Inheritance Tax — A comparative analysis
Ann Mumford (Senior Lecturer in Tax, Queen Mary School of Law) has recently posted on SSRN her article entitled From Dahomey, to London, to DC: ‘Marketing’ Wealth with the Proposal for a Comprehensive Inheritance Tax.
Here is a summary of her article:
This paper was presented at the September 19, 2008 NYU Tax Law Review Symposium addressing Prof. Lily Batchelder’s proposal to implement a comprehensive inheritance tax. This draft essay seeks to demonstrate that the comprehensive inheritance tax proposal involves a just tax. The idea of justice in taxation frequently involves linking benefits to taxation, and is explored in different ways in tax legal scholarship. On the question of inheritance taxation, however, justice is frequently determined within a socio-political mire of competing objectives. Given the political capital involved, it can be difficult to construct arguments effectively, especially if one is arguing for the adaptation of a different form of taxation of inherited wealth.
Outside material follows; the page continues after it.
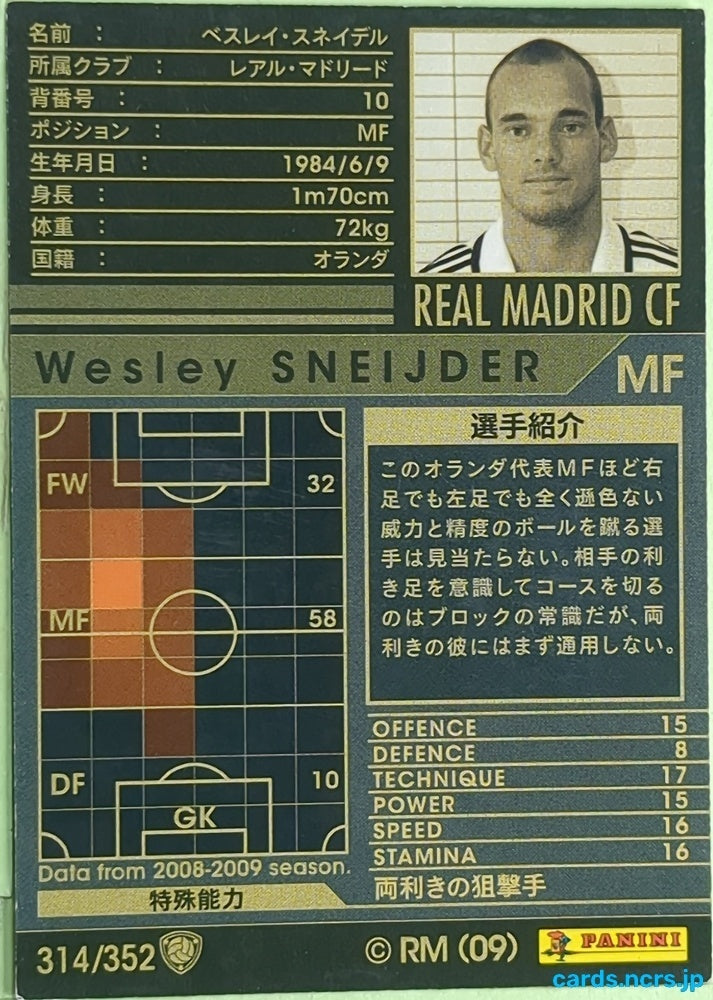 Panini WCCF Football WCCF/2008-2009-314/352 N Wesley Sneijder Trading Card EX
This paper acknowledges that the comprehensive inheritance tax will face the problem of politics, as the issue of inheritance taxation is intensely political, and its unpopularity has been the subject of valuable academic analysis. Its spectre of repeal in the US has had an enormous impact in the UK, and elsewhere. Thus this draft response to the proposal for a comprehensive inheritance tax has started from a point of acknowledgment of comparative impact.